→ **The problem**
The reply should hold only the lines from the one with "It's day three" to the one with "Now it was time", both ends kept, exactly as they appear below, without any pictures.

------ Dataset

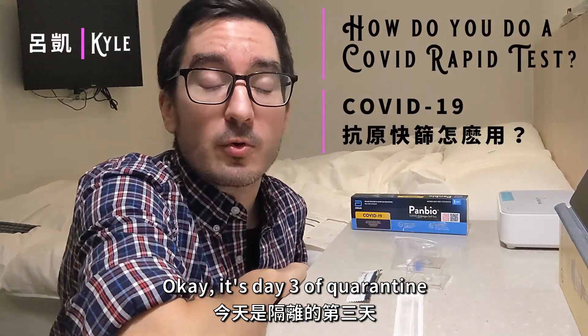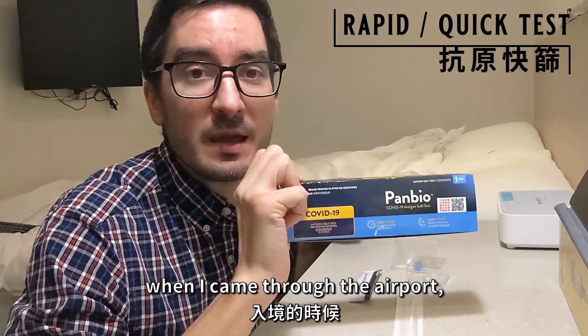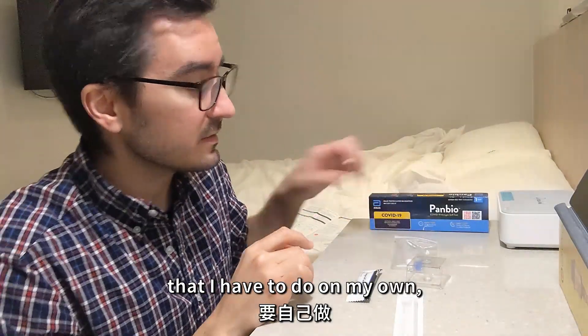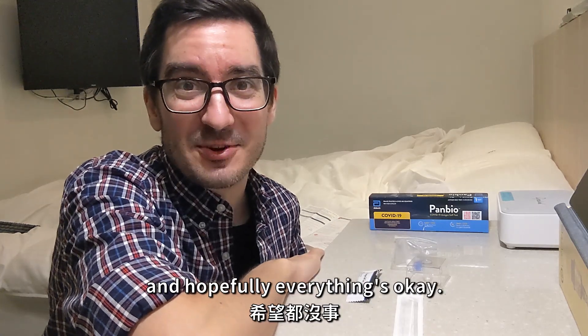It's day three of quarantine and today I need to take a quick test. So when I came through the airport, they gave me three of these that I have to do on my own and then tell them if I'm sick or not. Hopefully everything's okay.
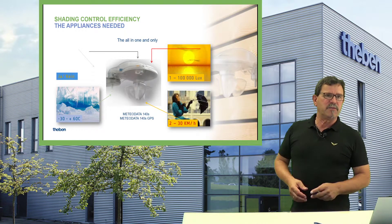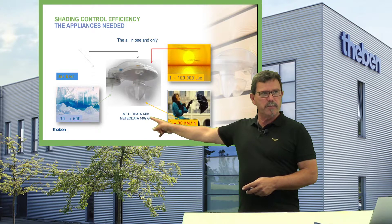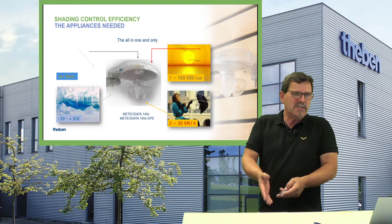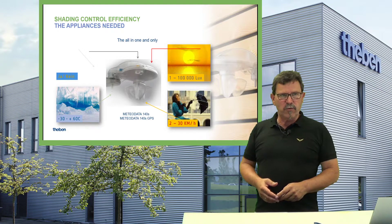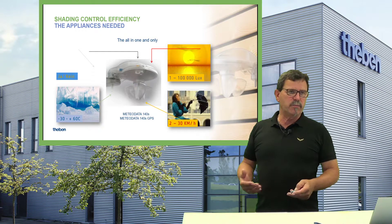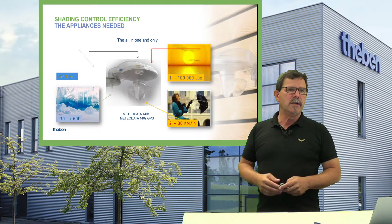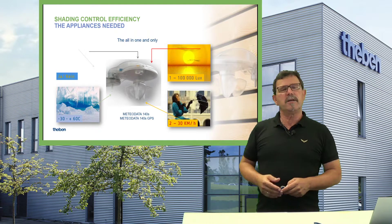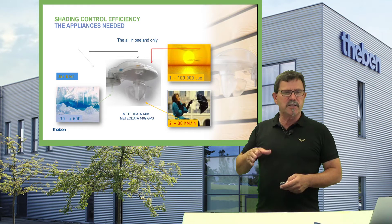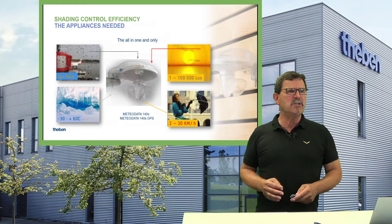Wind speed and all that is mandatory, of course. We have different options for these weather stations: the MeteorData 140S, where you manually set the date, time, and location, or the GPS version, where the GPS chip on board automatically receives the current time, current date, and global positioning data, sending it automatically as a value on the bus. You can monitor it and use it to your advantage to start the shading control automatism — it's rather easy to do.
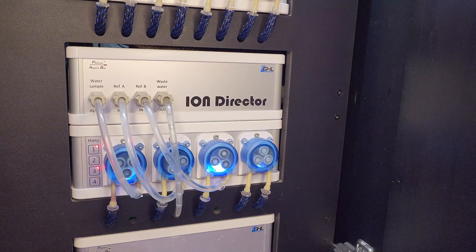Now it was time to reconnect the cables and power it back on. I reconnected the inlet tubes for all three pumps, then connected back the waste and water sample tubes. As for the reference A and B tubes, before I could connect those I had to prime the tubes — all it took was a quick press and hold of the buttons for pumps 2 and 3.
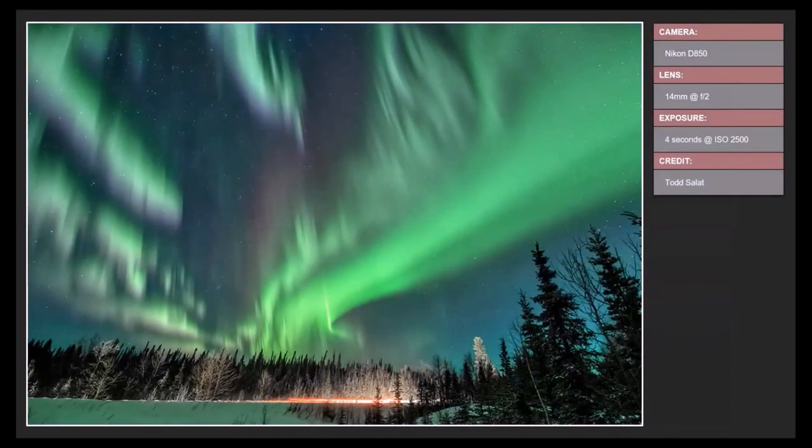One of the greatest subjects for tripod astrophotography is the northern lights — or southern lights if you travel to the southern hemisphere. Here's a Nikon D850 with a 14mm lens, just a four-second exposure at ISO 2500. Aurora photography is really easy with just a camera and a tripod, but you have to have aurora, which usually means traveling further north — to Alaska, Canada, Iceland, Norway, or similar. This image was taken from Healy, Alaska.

------------
------ Dataset

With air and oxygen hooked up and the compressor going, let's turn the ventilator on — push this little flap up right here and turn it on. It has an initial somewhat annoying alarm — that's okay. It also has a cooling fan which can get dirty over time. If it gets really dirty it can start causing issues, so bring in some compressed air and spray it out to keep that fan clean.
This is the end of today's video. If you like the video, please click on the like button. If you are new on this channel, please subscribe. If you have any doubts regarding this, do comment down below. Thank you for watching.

------------
------ Dataset

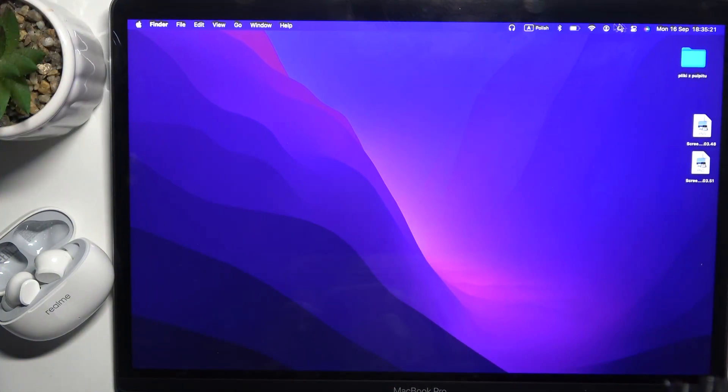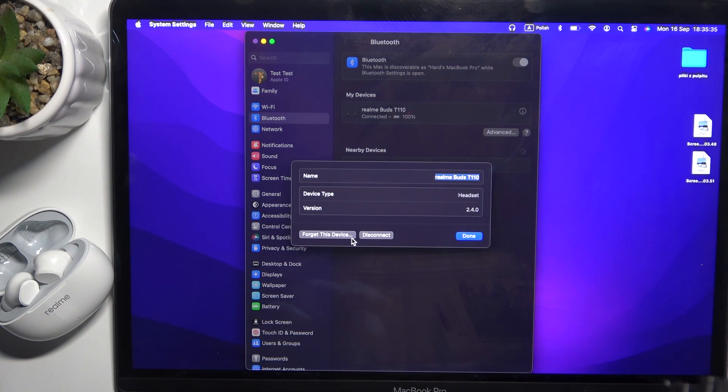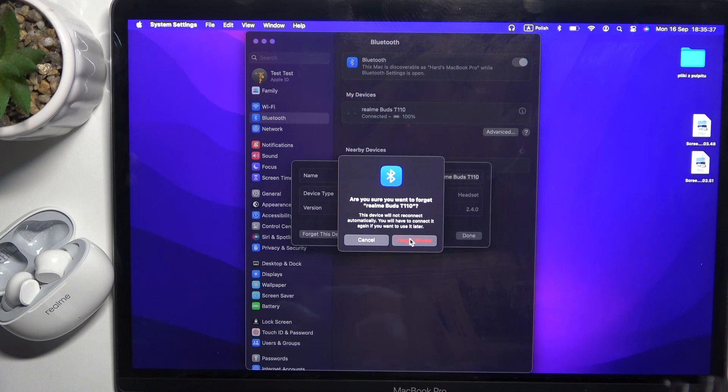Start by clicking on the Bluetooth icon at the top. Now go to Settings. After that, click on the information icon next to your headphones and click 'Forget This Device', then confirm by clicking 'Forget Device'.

------------

→ **Solution to this exercise**
It's day three of quarantine and today I need to take a quick test. So when I came through the airport, they gave me three of these that I have to do on my own and then tell them if I'm sick or not. Hopefully everything's okay.
Wind speed and all that is mandatory, of course. We have different options for these weather stations: the MeteorData 140S, where you manually set the date, time, and location, or the GPS version, where the GPS chip on board automatically receives the current time, current date, and global positioning data, sending it automatically as a value on the bus. You can monitor it and use it to your advantage to start the shading control automatism — it's rather easy to do.
Now it was time to reconnect the cables and power it back on. I reconnected the inlet tubes for all three pumps, then connected back the waste and water sample tubes. As for the reference A and B tubes, before I could connect those I had to prime the tubes — all it took was a quick press and hold of the buttons for pumps 2 and 3.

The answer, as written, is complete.